Note: connection issues make occur when webscrapping, wait a minute then run again

Curl request for testing model

  • Local testing: curl -d '{"claim":"the death of Sherlock Holmes almost destroyed the magazine that had originally published the stories. When Arthur Conan Doyle killed him off in 1893, 20,000 people cancelled their subscriptions. The magazine barely survived. Its staff referred to Holmes’ death as “the dreadful event”.", "link":"http://www.bbc.com/culture/story/20160106-how-sherlock-holmes-changed-the-world"}' -H "Content-Type: application/json" -X POST http://127.0.0.1:8000/api/v1/deep_cite

Configuration

There are a couple ways to configure both the backend and the aws lambda service. The first priority, or the first place the config will look is in the root folder for a json file named deep-cite-config.json. Next the config will look in the environment, and finally anything not found in the json config or environment will fallback to the defaults. Here are the defaults and config options:

  • As a JSON ./DeepCite/deep-cite-config.json:
{
 "backend": {
   "env": "development",
   "language": "en",
   "gn_path": "./DeepCite/backend/word_vectors/GoogleNews-vectors-negative300.bin",
   "server": {
     "host": "0.0.0.0",
     "port": "5000" 
   },
   "gunicorn": {
     "host": "0.0.0.0",
     "port": "8000" ,
     "workers": "1",
     "timeout": "180"
   },
   "model": {
       "similarity_cutoff": 0.67,
       "num_claims_returned": 15,
       "max_height": 5,
       "request_timeout": 20
   }
 },
 "aws": {
   "env": "development",
   "versions": {
     "model": "0.9.0",
     "lambda": "0.9.0",
     "api": "0.5.0",
     "extension": "1.7.2"
   },
   "secret": {
     "region": "us-east-2",
     "name": "rds_deepcite_sample"
   },
   "ec2": {
     "ip": "172.31.35.42",
     "port": "8000",
     "url": "http://172.31.35.42:8000/api/v1/deep_cite"
   }
 }
}
  • As an .env:
ENV=development
LANGUAGE=en
GN_PATH=./DeepCite/backend/word_vectors/GoogleNews-vectors-negative300.bin
SERVER_HOST=0.0.0.0
SERVER_PORT=5000
GUNICORN_HOST=0.0.0.0
GUNICORN_PORT=8000
GUNICORN_WORKERS=1
GUNICORN_TIMEOUT=180
MODEL_SIMILARITY_CUTOFF=.67
MODEL_NUM_CLAIMS_RETURNED=15
MODEL_MAX_HEIGHT=5
MODEL_REQUEST_TIMEOUT=20
EC2_IP=172.31.35.42
EC2_PORT=8000
SECRET_REGION=us-east-2
SECRET_NAME=rds_deepcite_sample
VERSIONS_MODEL=0.9.0
VERSIONS_LAMBDA=0.9.0
VERSIONS_API=0.5.0
VERSIONS_EXTENSION=1.7.2

For Maintainers eyes only 👀

Semantic Versioning Policy

It's not really the responsiblity of contributors to manange the CHANGELOG and/or version numbers. Also adding the version number to PR's can lead to needless conflicts. After a PR is merged it is a good idea to see if the CHANGELOG needs to be updated. If the CHANGELOG needs to be updated then the extension version should also be updated. For our version control we follow semantic verisoning standards, which follows the general format: MAJOR.MINOR.PATCH.

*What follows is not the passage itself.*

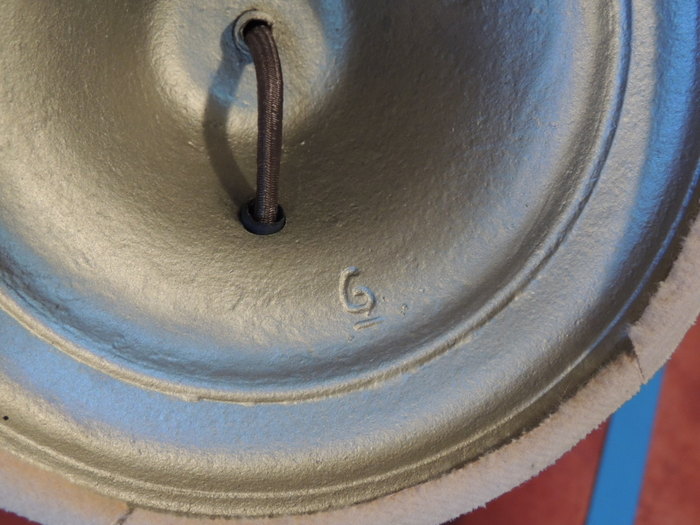 Vintage Handel-Style Lamp with Painted Glass Shade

  • Patch: increase when you make backwards compatible bug fixes.
  • Minor: increase when you add functionality in a backwards compatible manner and set patch to 0.
  • Major: when you make incompatible API changes and set patch and minor to 0.

There are multiple services in this repo and each has there own version number. Luckily there is a shell script in the scripts/ that makes updating the version for each service very simple.

  • The script itself is pretty self explanitory for example if you just added functionality (so a minor update) to the model you can update its version like so:
$ cd scripts/
$ ./semver.sh minor model
  • There are also some git options so if you fix a bug in lambda and you want the version number to be committed then do this:
$ cd scripts/
$ ./semver.sh patch lambda commit
  • Note: in this case the commit message will be "lambda patch update" and in general these auto commit messages follow this format "$SERVICE $ACTION update"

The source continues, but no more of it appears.